*** Stored data Section Begins ***

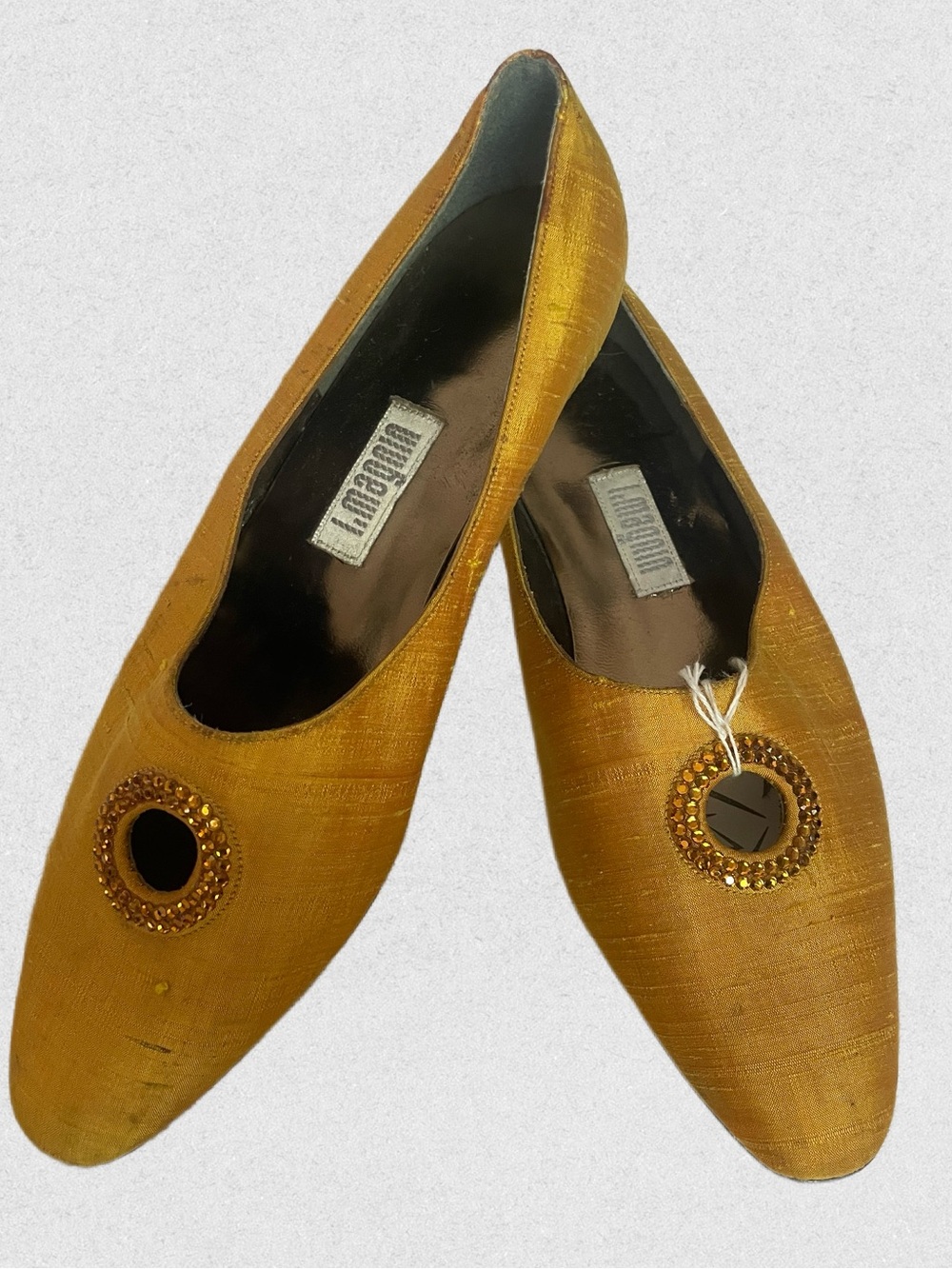 Vintage I.Magnin Silk & Leather Yellow Gold & Embellished Women's Flat Shoes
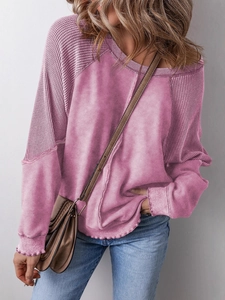 Women's pink waffle knit long sleeve t-shirt with textured patchwork and relaxed fit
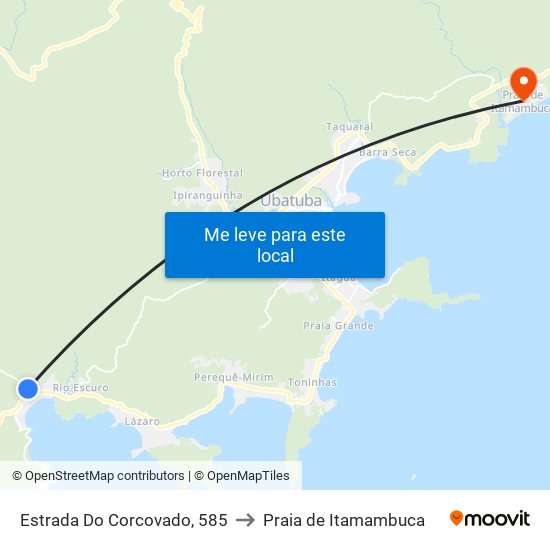 Estrada Do Corcovado, 585 to Praia de Itamambuca map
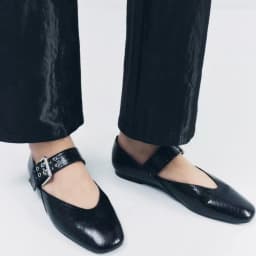 Spring 2026 Women's Flat Shoes Black Buckle Decorated Leopard Print Ballet Style Fashionable Korean Version Single Shoes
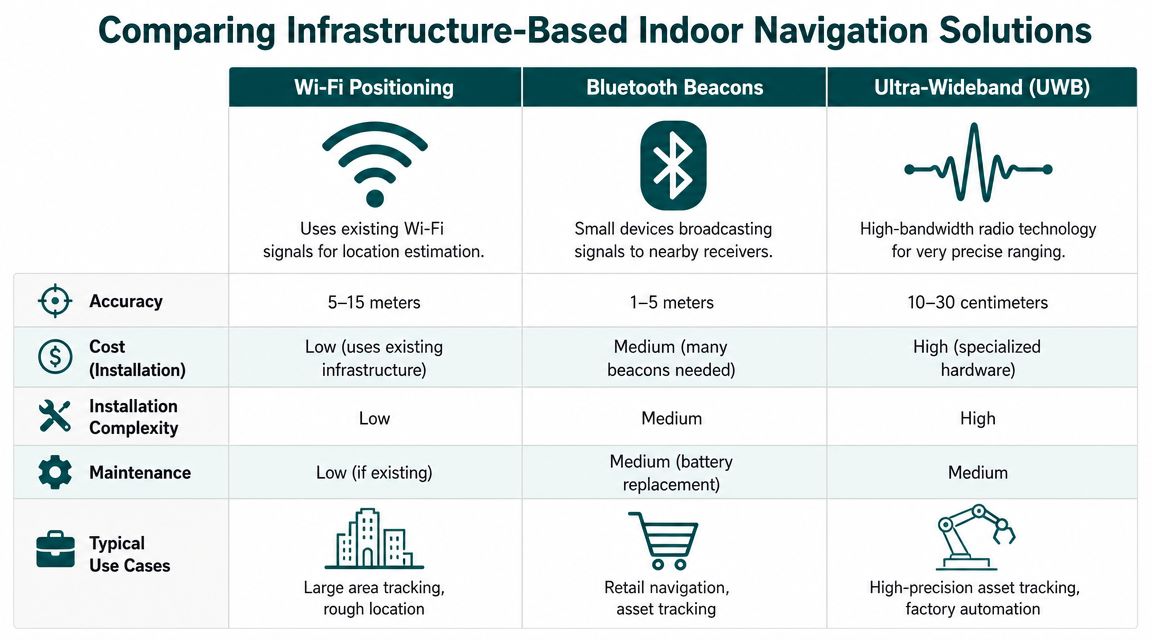A comparison chart showing features and use cases for Wi-Fi, Bluetooth, and Ultra-Wideband indoor navigation technologies.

*** Stored data Section Ends ***

» **Problem details**
The answer must consist solely of the lines from the first line of the data through the line containing "Estrada Do Corcovado, 585", inclusive, reproduced exactly and without pictures.

» **Output for this task**
 Vintage I.Magnin Silk & Leather Yellow Gold & Embellished Women's Flat Shoes
 Women's pink waffle knit long sleeve t-shirt with textured patchwork and relaxed fit
 Estrada Do Corcovado, 585 to Praia de Itamambuca map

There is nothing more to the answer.